### What you will do
Within the records below, find the line with "Osmond Pant" and the line with "Влагозащищенный светильник Opal 2247 2C", then reproduce exactly those two lines and all lines between them, without any picture.

### Source data
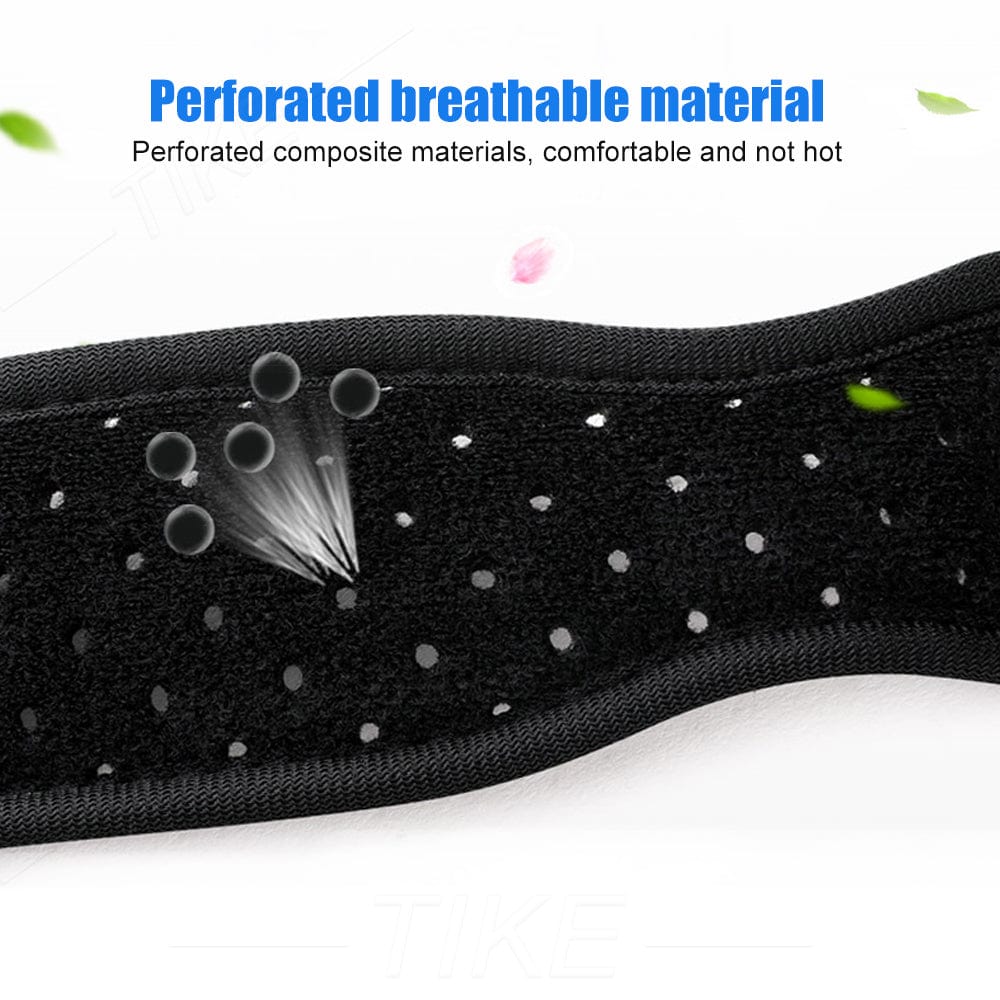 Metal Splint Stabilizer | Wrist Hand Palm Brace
* * *
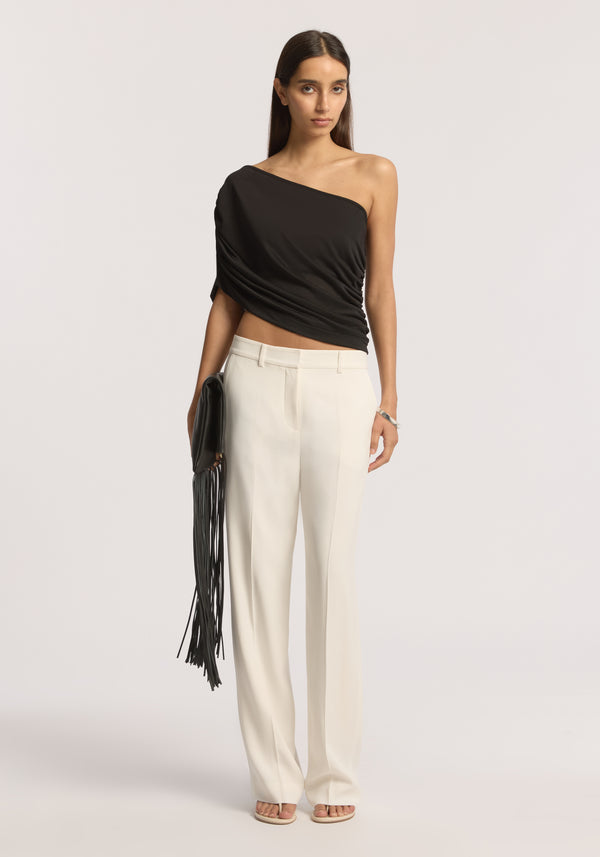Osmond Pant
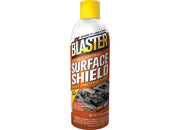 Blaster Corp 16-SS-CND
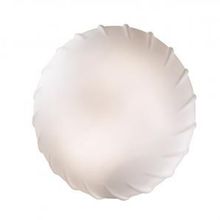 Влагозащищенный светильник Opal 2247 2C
* * *
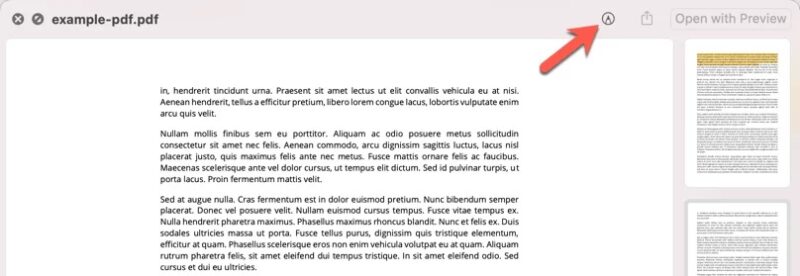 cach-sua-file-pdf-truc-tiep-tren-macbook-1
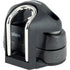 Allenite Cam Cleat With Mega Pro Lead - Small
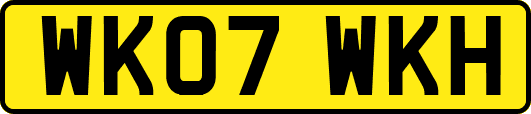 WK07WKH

### Reply
Osmond Pant
 Blaster Corp 16-SS-CND
 Влагозащищенный светильник Opal 2247 2C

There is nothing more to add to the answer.